If we round 1.85 to two significant digits, the result is 1.8 with round to even and 1.9 with round to odd.

There are several reasons for preferring to break ties with round to even.

  • In bases 2 and 10 a subsequent rounding to one less place does not involve a tie. Thus we have the rounding sequence 2.445, 2.44, 2.4, 2 with round to even, but 2.445, 2.45, 2.5, 3 with round to odd.
  • For base 2, round to even results in integers more often, as a consequence of producing a zero least significant bit.
  • In base 10, after round to even a rounded number can be halved without error.

IEEE Standard 745 for floating-point arithmetic supports three tie-breaking methods: round to even (the default), round to the number with larger magnitude, and round towards zero (introduced in the 2019 revision for use with the standard’s new augmented operations).

The tie-breaking rule taught in UK schools, for decimal arithmetic, is to round up on ties.

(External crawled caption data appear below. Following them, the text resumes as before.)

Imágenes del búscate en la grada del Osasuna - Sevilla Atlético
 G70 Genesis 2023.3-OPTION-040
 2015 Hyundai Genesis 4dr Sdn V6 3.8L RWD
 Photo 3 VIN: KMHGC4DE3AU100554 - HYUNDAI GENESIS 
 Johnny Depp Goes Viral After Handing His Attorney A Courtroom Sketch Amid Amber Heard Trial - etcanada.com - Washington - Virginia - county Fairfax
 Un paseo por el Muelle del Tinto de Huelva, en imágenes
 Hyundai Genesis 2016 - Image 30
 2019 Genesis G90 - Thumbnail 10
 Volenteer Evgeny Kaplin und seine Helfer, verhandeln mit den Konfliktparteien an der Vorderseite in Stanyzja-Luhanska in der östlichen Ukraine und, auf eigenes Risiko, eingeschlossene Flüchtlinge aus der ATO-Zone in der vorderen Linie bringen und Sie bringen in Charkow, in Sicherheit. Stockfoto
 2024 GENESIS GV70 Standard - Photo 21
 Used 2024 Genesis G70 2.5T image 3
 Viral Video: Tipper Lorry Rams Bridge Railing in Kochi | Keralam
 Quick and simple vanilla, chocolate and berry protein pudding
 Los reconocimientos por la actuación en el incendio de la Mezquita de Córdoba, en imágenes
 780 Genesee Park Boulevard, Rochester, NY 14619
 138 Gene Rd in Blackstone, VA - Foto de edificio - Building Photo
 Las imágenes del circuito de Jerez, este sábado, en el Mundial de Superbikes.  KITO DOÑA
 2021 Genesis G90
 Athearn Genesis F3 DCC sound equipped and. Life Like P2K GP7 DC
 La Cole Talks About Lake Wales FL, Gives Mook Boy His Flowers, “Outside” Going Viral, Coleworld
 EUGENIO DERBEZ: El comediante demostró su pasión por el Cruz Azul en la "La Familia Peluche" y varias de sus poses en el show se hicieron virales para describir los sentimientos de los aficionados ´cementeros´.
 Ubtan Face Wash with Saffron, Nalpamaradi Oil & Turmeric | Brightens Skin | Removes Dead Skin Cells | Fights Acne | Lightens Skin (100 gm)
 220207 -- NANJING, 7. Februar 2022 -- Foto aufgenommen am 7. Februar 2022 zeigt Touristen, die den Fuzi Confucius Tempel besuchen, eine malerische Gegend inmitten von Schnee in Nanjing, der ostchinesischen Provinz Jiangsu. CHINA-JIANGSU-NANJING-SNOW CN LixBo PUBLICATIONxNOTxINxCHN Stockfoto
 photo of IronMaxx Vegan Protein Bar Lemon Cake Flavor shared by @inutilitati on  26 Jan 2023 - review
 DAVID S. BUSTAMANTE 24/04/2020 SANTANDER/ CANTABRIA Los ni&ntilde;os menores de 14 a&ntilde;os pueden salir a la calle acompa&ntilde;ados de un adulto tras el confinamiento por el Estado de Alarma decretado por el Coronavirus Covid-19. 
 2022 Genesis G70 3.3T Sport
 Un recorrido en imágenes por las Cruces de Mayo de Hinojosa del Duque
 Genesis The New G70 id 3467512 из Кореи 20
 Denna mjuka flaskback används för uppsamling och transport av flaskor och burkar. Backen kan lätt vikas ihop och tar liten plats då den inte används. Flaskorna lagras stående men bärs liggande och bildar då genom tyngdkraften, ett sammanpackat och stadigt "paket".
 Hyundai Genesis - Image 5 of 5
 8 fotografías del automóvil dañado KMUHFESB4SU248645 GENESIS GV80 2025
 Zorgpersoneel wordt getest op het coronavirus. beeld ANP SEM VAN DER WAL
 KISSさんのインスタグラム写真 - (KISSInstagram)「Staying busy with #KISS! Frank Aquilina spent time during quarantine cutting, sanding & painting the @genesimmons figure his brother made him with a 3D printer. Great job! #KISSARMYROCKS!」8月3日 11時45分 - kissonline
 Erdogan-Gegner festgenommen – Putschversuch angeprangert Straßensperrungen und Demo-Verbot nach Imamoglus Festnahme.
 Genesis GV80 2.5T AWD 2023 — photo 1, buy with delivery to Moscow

The rounding rule then becomes: round down if the first digit to be dropped is 4 or less and otherwise round up.

Round Towards Plus or Minus Infinity

Another possibility is to round to the next larger number with the specified number of digits, which is known as round towards plus infinity (or round up). Then 1.85 rounds to 1.9 and -2.34 rounds to -2.3. Similarly, with round towards minus infinity (or round down) we round to the next smaller number, so that 1.85 rounds to 1.8 and -2.34 rounds to -2.4.

This form of rounding is used in interval arithmetic, where an interval guaranteed to contain the exact result is computed in floating-point arithmetic.

Round Towards Zero

In this form of rounding we round towards zero, that is, we round x down if x > 0 and round it up if x < 0. This is also known as chopping, or truncation.

Stochastic Rounding

Stochastic rounding was proposed in the 1950s and is attracting renewed interest, especially in machine learning. It rounds up or down randomly. It come in two forms. The first form rounds up or down with equal probability 1/2. To describe the second form, let x be the given number and let x_1  x be the candidates for the result of rounding. We round up to x_2 with probability (x-x_1)/(x_2-x_1) and down to x_1 with probability (x_2-x)/(x_2-x_1); note that these probabilities sum to 1. In floating-point arithmetic, stochastic rounding overcomes the problem that can arise in summing a set of numbers whereby some individual summands are so small that they do not contribute to the computed sum even though they contribute to the exact sum.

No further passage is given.